CS 143 Project 5: Tracking and Structure from Motion
Nabeel Gillani

Overview

For this assignment, I followed the recommended pipeline, but opted to track a smaller number of points than the recommended amount. I tracked only salient features on the house in order to generate a strong representation (and resulting mesh) of the 3d reconstruction. I computed the initial Motion and Shape matrices and removed affine ambiguity according to the papers linked off of the assignment page.

Algorithms and Decisions

Computing Optical Flow

I vectorized this entire function in order to significantly increase runtime (from 10 minutes to approximately 15 seconds). I start by finding the appropriate gradient matrices for the current image. I then compute the matrices corresponding to the cross-term gradients (i.e. IxIx, IxIy, IxIt and IyIt) and use a box filter with window size equal to 15 to sum over the elements of the matrix. I multiplied by the inverse matrix on both sides to compute u and v. I then use u and v to find the appropriate offset by which we should increment each tracked point. Below is the set of points I decided to track (note the absence of points on the bumps near the ground):

Tracked Points - Frame 1

250 selected points

After tracking the progression of the keypoints throughout the frames, I then visualized a vector of 20 randomly selected points and their trajectories. In the image below, the red lines (composed of circles) represent the paths that each point travels on, the green "+" symbol (which is tough to see, but on the opposite side of the blue "+" on a given red streak) denotes the point's starting point, and the blue "+" symbol denotes the ending point.

2D Trajectories for Points

Number of Points depicted = 20

Because I tracked mainly points on the house itself, not that many of them moved out of frame. The perpetrators are depicted below as green "+" signs:

Points that moved out of frame

Number of points: 6

Finding Structure from Optical Flow Points

Once I built the matrix of tracked x and y points for each frame, I then implemented the algorithm described in both Tomasi and Kanade's 1992 paper as well as Morita and Kanade's 1997 publication. In referencing the first paper, I used the notes provided to first define the matrix D as the 2|F|x3 matrix of tracked x and y points "stacked" on top of one another. I then subtracted from each row point the mean of that row. After computing the SVD of D, I took the appropriate rows / columns of the resulting output matrices in order to construct first renditions of shape and motion matrices for our tracked points, infused with affine ambiguity.

To remove affine ambiguity, I referenced the second paper. Here, I first set up the matrix equations that force the rows of M to abide by the normalization constraints of an orthogonal camera to solve for the matrix L. I then took the Cholesky decomposition of L to arrive at C. Right multiplying the camera motion matrix by C and left multiplied the 3D point matrix S by C inverse was the last step in removing the ambiguity and arriving at our final motion and shape matrices.

Results

Predicted 3D Points for Different Views

Bottom View
Corner View
Top View

Camera Position X, Y, and Z movement over all frames

Normalized Camera Positions

Texture mapped + mesh final 3D reconstruction

Number of final points: 243

Analysis

Starting with the point reconstructions, we can see from these distinct views that the world point representations of the tracked points are indeed, in fact, fairly accurate. The image may appear sparse due to the limited number of points tracked, but looking at the corner view indicates the window and chimney forms.

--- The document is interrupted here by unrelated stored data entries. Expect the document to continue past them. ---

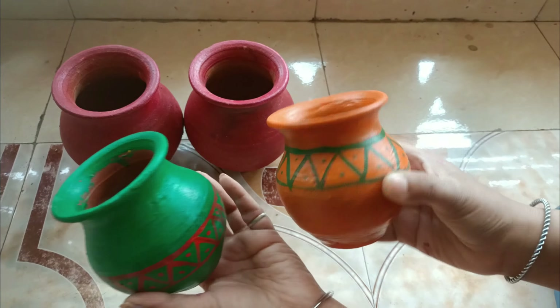We have assembled the other things and it looks like something like this now. It is not complete yet, there is a little more to do. There is a plug point here. We have used something so the motor doesn't move and we have to keep it in place. We will get a little base. We have added water to check the motor.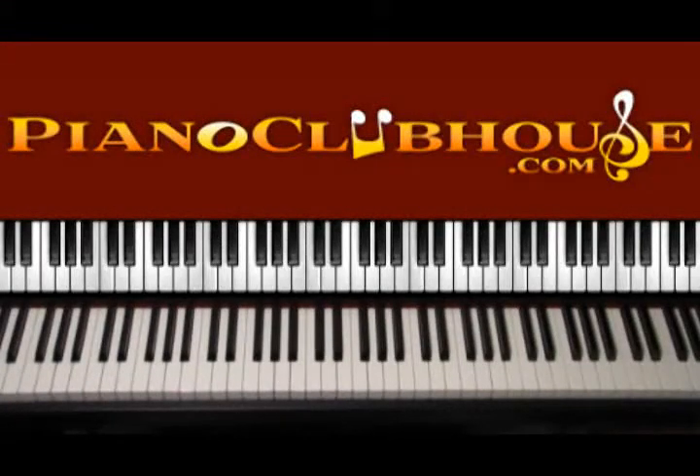Hello, this is David with Piano Clubhouse and today I would like to show you how to play the song Daylight by Maroon 5.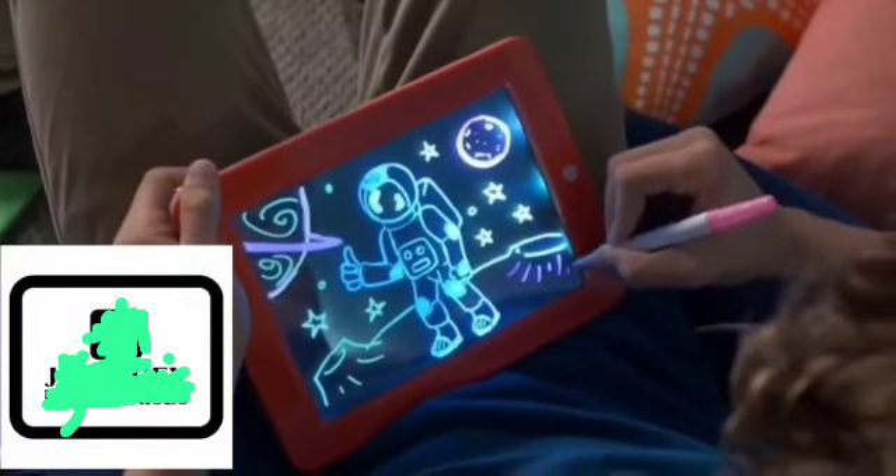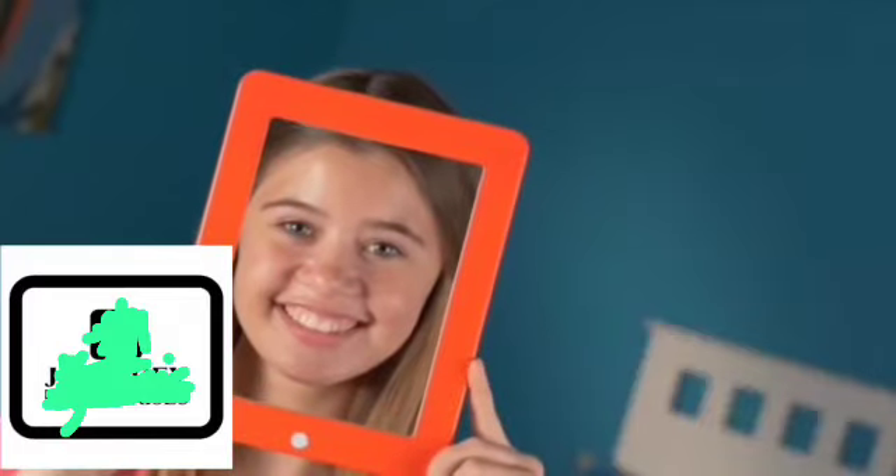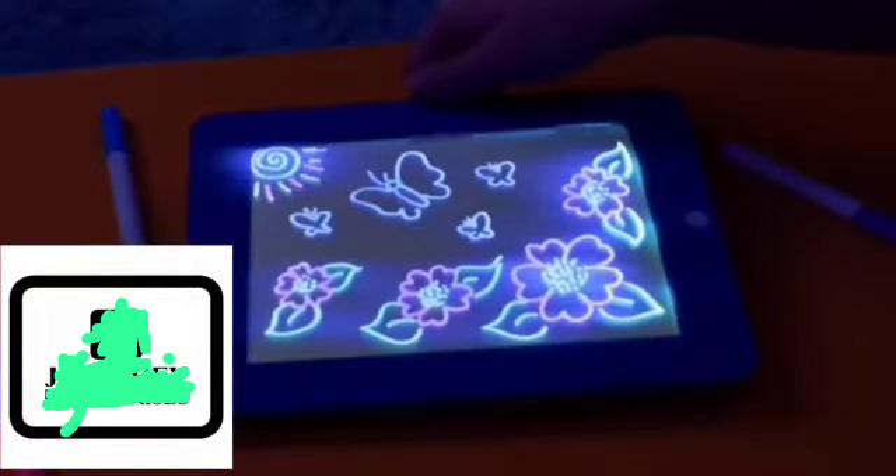The fun new way to draw, sketch and create, so all your art illuminates. Magic Pad's unique screen is clear, but once you draw your art, glows super bright, day or night.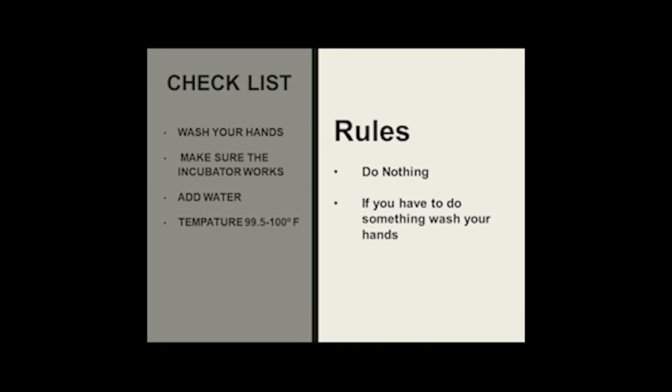Before we start every single class, we're going to go over our rules. Rule number one with incubation and embryology is do nothing. Rule number two is if you have to do something, wash your hands. We're going to make sure we go over our checklist every time we go near our incubators: have we washed our hands, is the incubator working, have we added water, and is the temperature 99.5 to 100? If all of those things have happened, then we're ready to start class.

The plots for the camera position vector changes over each successive frame make intuitive and observational sense. When viewing the images in sequence to see the entire video, the camera appears to move "right" (in the positive x direction), "down" (negative y direction), and somewhat "outward" in a curved fashion.

The resulting texture mapped figure is also a reasonable reconstruction of the original item. The red streaks here are the plotted camera position vectors (directed inwards towards the center of the house). The mesh here looks coarse, but looking closely at the texture and mesh intersection points reveals a nice correspondence between the more prominent corner features in the image and the intersection points of the mesh.

Summary

Overall, selecting a small number of Harris corners (~250) to track yielded better results, albeit a finer mesh, than my implementation with ~500 initial points. Vectorizing the optical flow computation was crucial in fast testing and development. The algorithms presented in the papers were also straight forward. An easy experiment I didn't try was changing the window size - something I expect would alter the relative shift of each point being tracked over successive frames. Overall, I enjoyed this project and hope to learn more about the different applications of SFM in the future.

Shoutouts

Shoutout to edwallac for helping me understand the assignment better, and especially to vmoussav and psastras for helping me try and track down the most viscious bug known to mankind. They are beasts (in a good way), and I will love them forever.